Greg Cochran pointed out something that I’d been considering about the MacArthur et al. paper: if the average human (OK, non-African human) has ~100 loss-of-function variants, then the standard deviation should be ~10. That’s because the distribution is presumably poisson, and variance = mean, and the square root of the of the variance (~100) is the standard deviation (~10). In plainer English there should be a substantial variation in the number of loss-of-function variants within a population, and across siblings. Though by definition these loss-of-function variants don’t kill you, in general there is the assumption that this class of mutants does exhibit some fitness drag (e.g., the fitness of a heterozygote for a variant which is lethal as a homozygote genotype may be ~0.90).
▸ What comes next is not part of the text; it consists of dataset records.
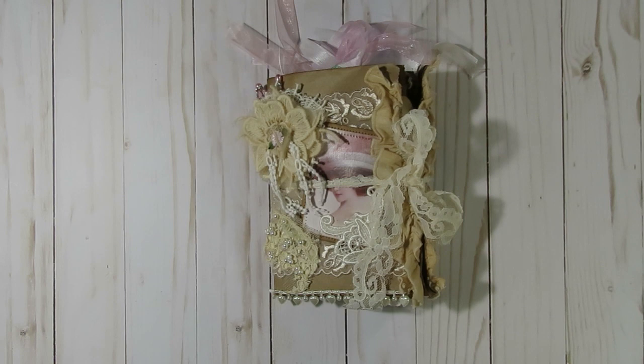Hello and welcome to Paper Place. I'm Julie Kay — thanks so much for stopping by and checking out my latest video. Today I have a paper bag journal to share with you guys, and it's actually kind of a reconstructed piece.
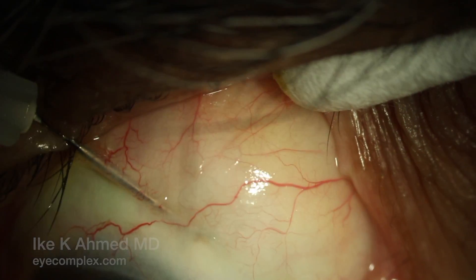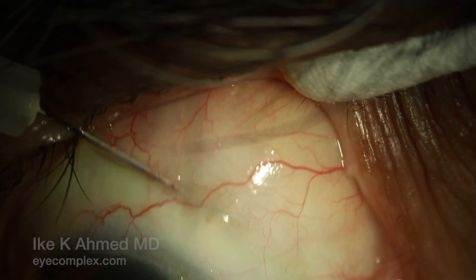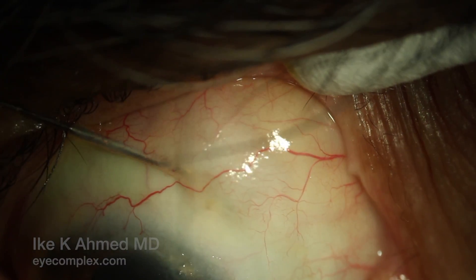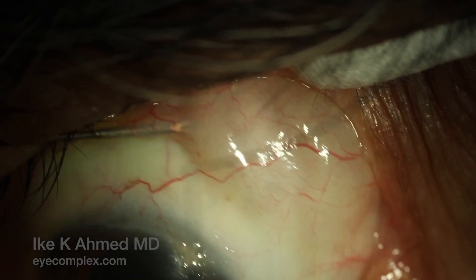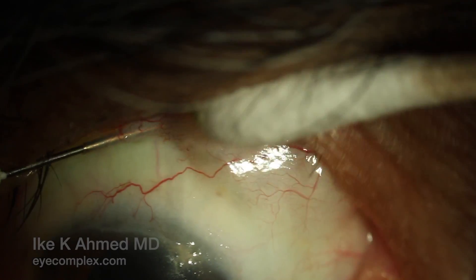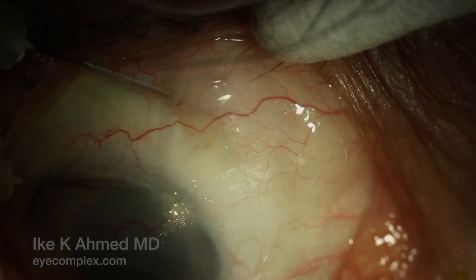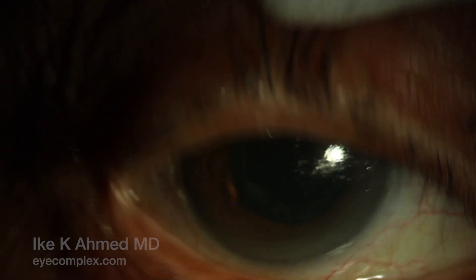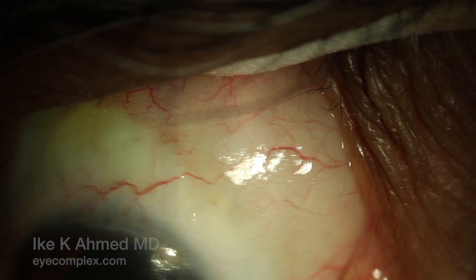Viscoelastic may be injected at this point to further separate tissue and retain the bleb for the first few days. Typically, a cohesive viscoelastic can be used, and along with the use of an antifibrotic, this can be helpful to ensure good wound healing control. Post-operative topical steroids are used vigorously for the first few weeks to control inflammation. At the end of the needling, the pressure drops typically into single digits and a bleb is nicely well-formed.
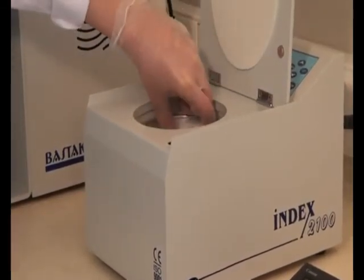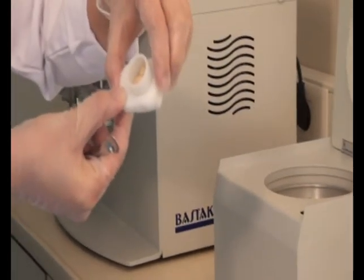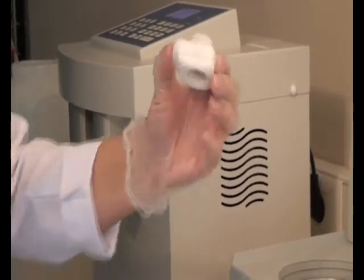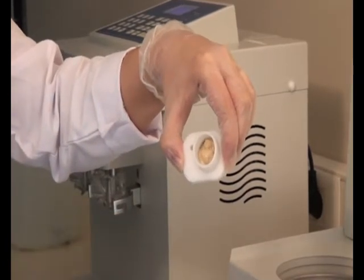Take out the cartridges. Wet gluten which has passed through the cartridge sieve is named as weak gluten, and that which has remained on the other side of the sieve is named as strong gluten.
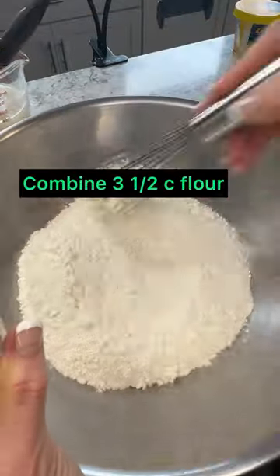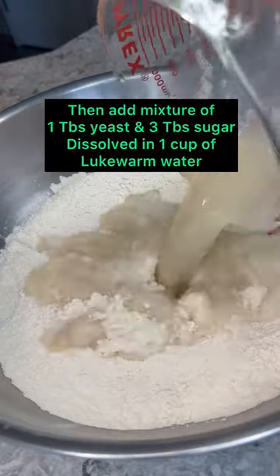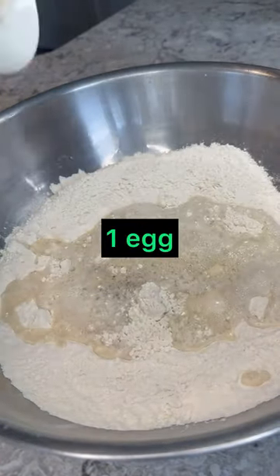Make your own baby burger buns! Combine three and a half cups flour and one teaspoon salt. Add your dissolved yeast mixture, one egg, and two tablespoons of melted butter, and then stir together.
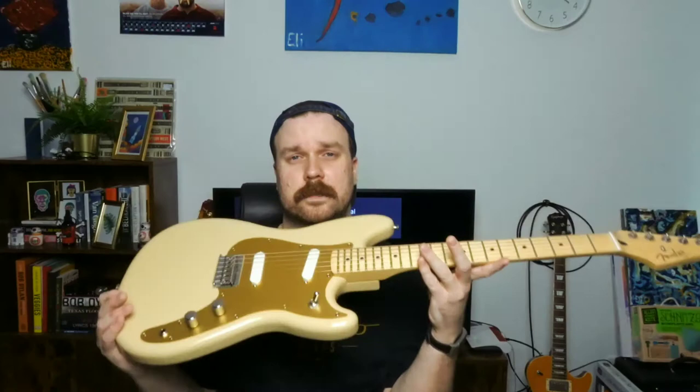What's up everybody, new week, new video. Today's video is about my Duo Sonic that I have over here. I've had it for almost two weeks now, I've played it a lot, and there are some things that I like about this guitar but also some things I don't like. That's what I want to talk about today, so let's go.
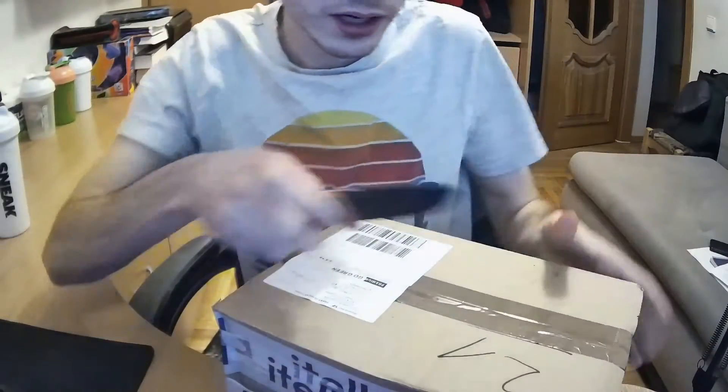Hello everybody! My Sneak order just arrived — I ordered it like a week ago and it's already here. The box is not in the best condition but I hope everything is okay with the shaker. I have a knife ready, so let's open it.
A quick back of the envelope calculation implies to me that there is a 1 out of several hundreds of thousands probability that two siblings may exhibit a range of 60 loss-function-variants. But a 40 unit gap is more like a 1 out of one thousand chance.

This variance in mutational load has been the hobby-horse of intellectuals for a while now. Armand Leroi suggested that it correlated with beauty. Geoffrey Miller with intelligence. In the near future presumably we’ll get to see if there’s anything real in this. And obviously we don’t need to leave it to scientists. We’ll all know the summary statistics about own genomes, and probably be able to intuit rough patterns…if they exist.

February 21st, 2012 Tags: Genomics, Personal genomics
by Razib Khan in Genetics, Genomics, Human Genetics, Human Genomics | 3 comments | RSS feed | Trackback >

3 Responses to “Loss-of-function & variation in load”

  1. 1.   Jacob Roberson Says:

    poisson

    I don’t trust WP, so to verify: Poisson is used for mutations _____.

    A) Usually, general case?
    B) In studies like this, because they cast a wide net?
    C) ?

  2. 2.   Razib Khan Says:

    #1, low frequency event. my understanding is that usually in biology it *underestimates* variation. also, they might have the real distribution in their sample in the supps. didn’t check.

  3. 3.   Roofus Says:

    Do the calculations take into account the fact that the sibling rates are correlated? The distribution of a difference of independent Poissons is a Skeelen distribution which is probably close to a normal in your example. Siblings though should be correlated right?